Tuesday 4 October, 2016

The Chamber of Commerce and Industry Queensland (CCIQ) wants to know why small businesses must pay significantly higher interest rates.

CCIQ believes this is one of the key questions CEOs from the Big Four Banks should answer when they appear before a parliamentary committee in Canberra this week.

CCIQ Director of Advocacy Nick Behrens said the Australian banking industry had a profound influence on the Queensland business community’s capacity to grow.

“Interest rates, availability of credit and finance terms and conditions are crucially important for business and are greatly influenced by competition in the Australian banking sector,” he said.

“Unfortunately the major banks have become significantly more conservative in their business lending. This has resulted in an effective lessening of competition in business finance.

“Businesses are experiencing a range of difficulties at present in their lending arrangements.

“High bank fees and charges; higher interest rates and cost of finance; increasing levels of security required for loans; and difficulty overall in obtaining credit have all been listed as common problems for business in their banking.

“This directly inhibits businesses’ ability to grow, invest and employ.”

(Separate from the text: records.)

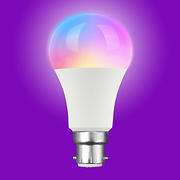 GLS BC LED WiFi Lamps product image 2
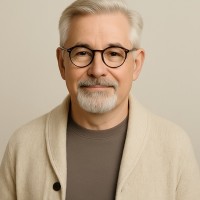 Lake Forest College Employee John Bodner's profile photo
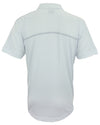 Adidas Men's Team Polo, Color Options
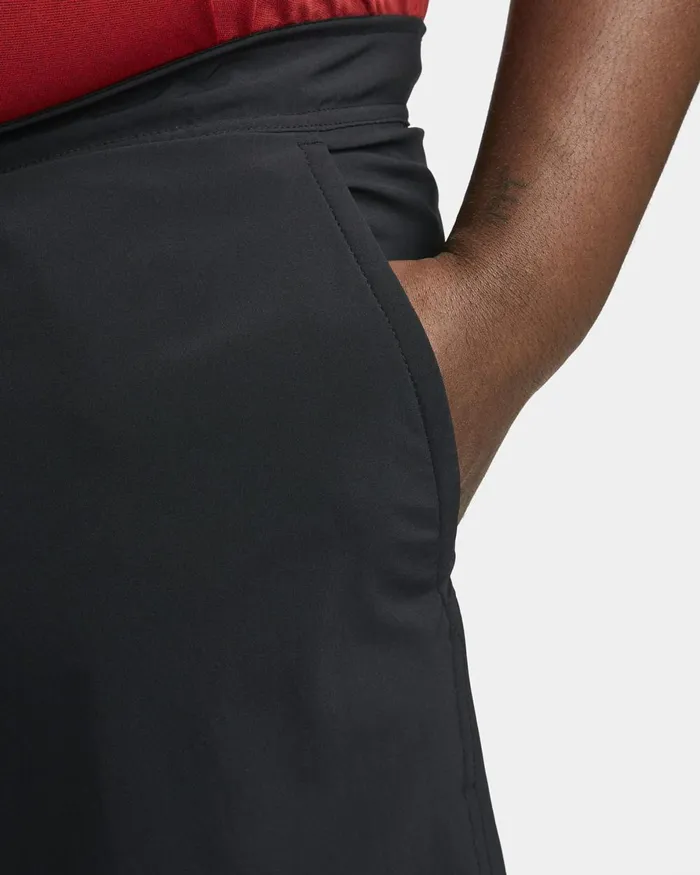 Men Nike Shorts Unlimited Blackblackblack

Mr Behrens said small business had voiced concern about instances of the banks’ tightened lending criteria threatening the ongoing viability of many businesses.

“Changes in lending requirements have undermined the feasibility of existing business plans resulting in businesses either shelving plans for expansion, downsizing, or in some cases exiting the market altogether,” he said.

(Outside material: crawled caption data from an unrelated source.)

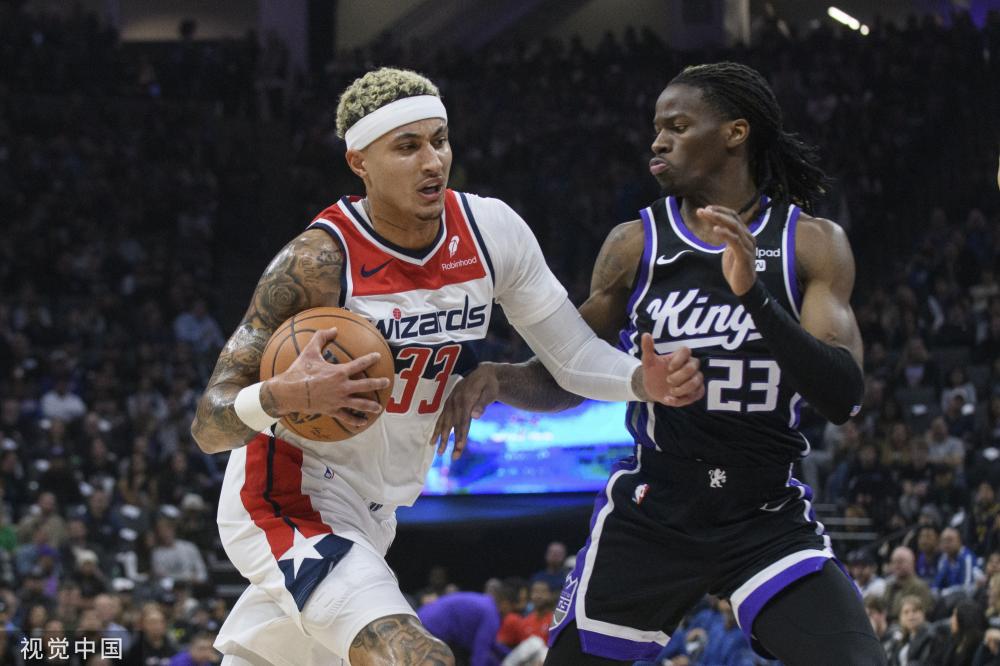 也标志着他 也标志着他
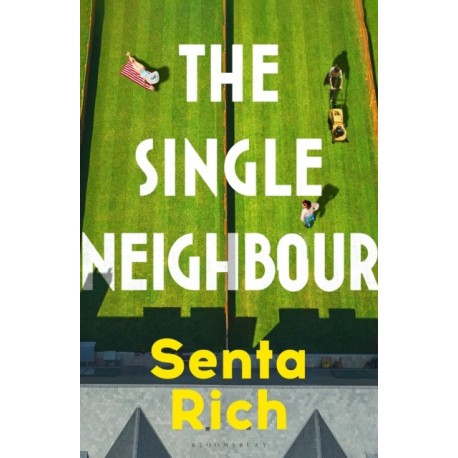 The Single Neighbour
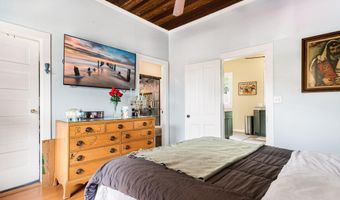 304 CURVE St, Bisbee, AZ 85603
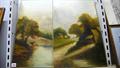 Lot 707 Image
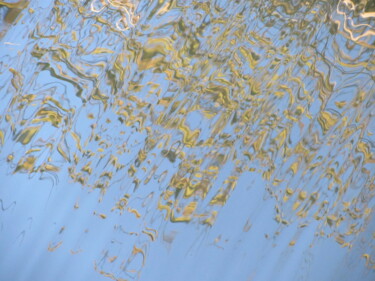Photographie intitulée "Harmonie" par C. Léonard, Œuvre d'art originale, Photographie non manipulée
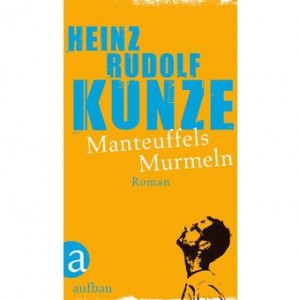 manteuffels-murmeln-roman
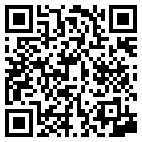QR Code for Salon Sanctuary in Glendale, AZ 85310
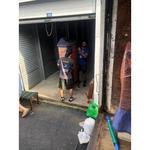 Twins Moving Service, LLC - photo 1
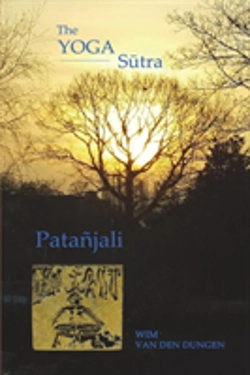 Bertrand.pt - The Yoga Sutra Of Patanjali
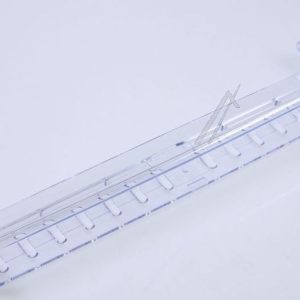 Beko hűtőgép ajtópolc 4807081400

Mr Behrens said banks had increased their risk margins for business loans and tightened their standards and terms for new loans through lower loan-to-valuation ratios (LVRs), stricter collateral requirements and higher interest coverage requirements.

“CCIQ recognises that the banks have a responsibility to run their businesses in a manner that minimises risks, which in turn delivers a profitable and strong foundation. 

“However, Queensland businesses are looking to our lending institutions for behaviour that focuses on a strong economy and not just their shareholders. 

“Ultimately financial institutions must have a broader responsibility for economic development in Australia.”

Key points for the parliamentary banking inquiry, which begins Tuesday:

1.         Banks have a crucial role in helping to shape and secure Queensland’s economic future by moving beyond a core responsibility to shareholders and instead assisting business to grow and employ. The primary example of this is the full pass-through of previous interest rate cuts to business and corporate customers.

2.         For small businesses, another means of finance is through credit card facilities. The level of interest currently charged on cards is considered to be beyond the actual cost of credit provision. CCIQ encourages the major banks to be proactive in driving down the costs of doing business in this area.

3.         Small businesses continue to advise that lending practices are too constricted and although they appreciate the need to tighten parameters, they are considered to be severely restricting growth in the economy. They are being forced to use credit cards as an overdraft facility and this situation is untenable in the long term.